Council condemned over social worker’s ‘wholly inappropriate’ probe into baby abuse claims
Council bosses have come under fire from a family court judge who said a social worker investigating a baby-abuse allegation had gathered evidence in a “wholly inappropriate” way.
Judge Thomas Greensmith said social services staff had investigated after a two-month-old girl suffered a broken collarbone and doctors suggested that she might have been injured by her mother or father.
The judge said the social worker had interviewed the baby’s mother and grandmother during a home visit – and had separately interviewed the baby’s four-year-old half-sister.
He said it was “difficult to overstate” how “unprofessionally prepared” the social worker’s notes of the meeting with the baby’s mother and grandmother were – and he said the four-year-old half-sister had not been interviewed in a “professional manner”.
Judge Greensmith has outlined concerns in a written ruling on the case published following a private family court hearing in Liverpool during the summer.
He said the children could not be identified in media reports, and he has not named the council involved or the social worker.

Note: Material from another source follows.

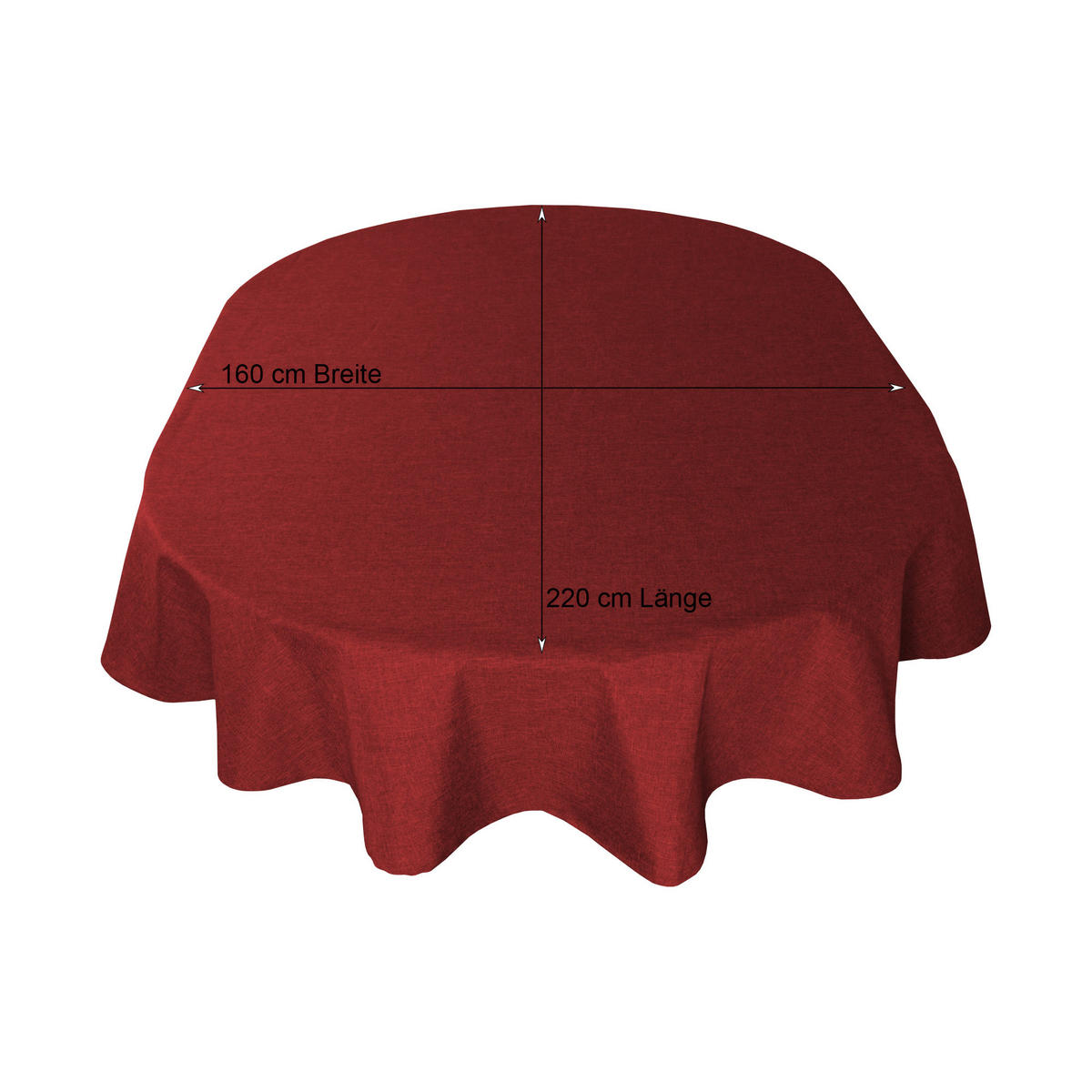 TISCHDECKE Leinenoptik 160/220 cm oval Bordeaux - Bordeaux, Textil (160/220cm) - TiborTex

Council bosses had asked him to make findings about the cause of the baby’s injury – he had concluded that she had been hurt accidentally.
Social services bosses had agreed that the baby and her half-sister could be cared for at home.
But the judge said both children had been temporarily taken from home, and placed in the care of a relative for some months, pending the outcome of investigations.
Judge Greensmith said the social worker had “largely made up” her “formal notes” about two weeks after her meetings with the mother and grandmother, and the four-year-old half-sister.
There had been a dispute about what was said during the meeting with the mother and grandmother, but the social worker’s contemporaneous handwritten notes had not been produced until the court hearing was under way.
“The contemporaneous notes comprised seven pages of handwritten material,” said Judge Greensmith in his ruling.
“It is difficult to overstate how unprofessionally prepared these notes were.
“They were largely undated, they failed accurately to recall who was present, much of the handwriting is illegible, they were in large part disjointed and had to be translated by [the social worker].”
Judge Greensmith said the social worker’s notes of her meeting the with four-year-old half-sister were “as illegible and disjointed as the other notes”.
He said the child had not been interviewed in a “professional manner”, and guidelines covering the interviewing of children had not been followed.
The social worker said she had been trained in how to interview children.
But Judge Greensmith said, if the social worker had been properly trained, he had “grave reservations as to the quality and effectiveness of that training”.
“The gathering and recording of evidence by the social worker was, in my view, wholly inappropriate,” the judge added.
“The local authority was investigating an allegation of serious child abuse where it was thought possible that an eight-week-old baby had been seriously injured by one or other of the parents.
“In discharging its duties, the local authority could and should, in my view, have kept proper notes in a professional way which would have served as a coherent, contemporaneous record and this did not happen.”
Judge Greensmith said there may be “significant areas for improvement” in the training the council gave social workers.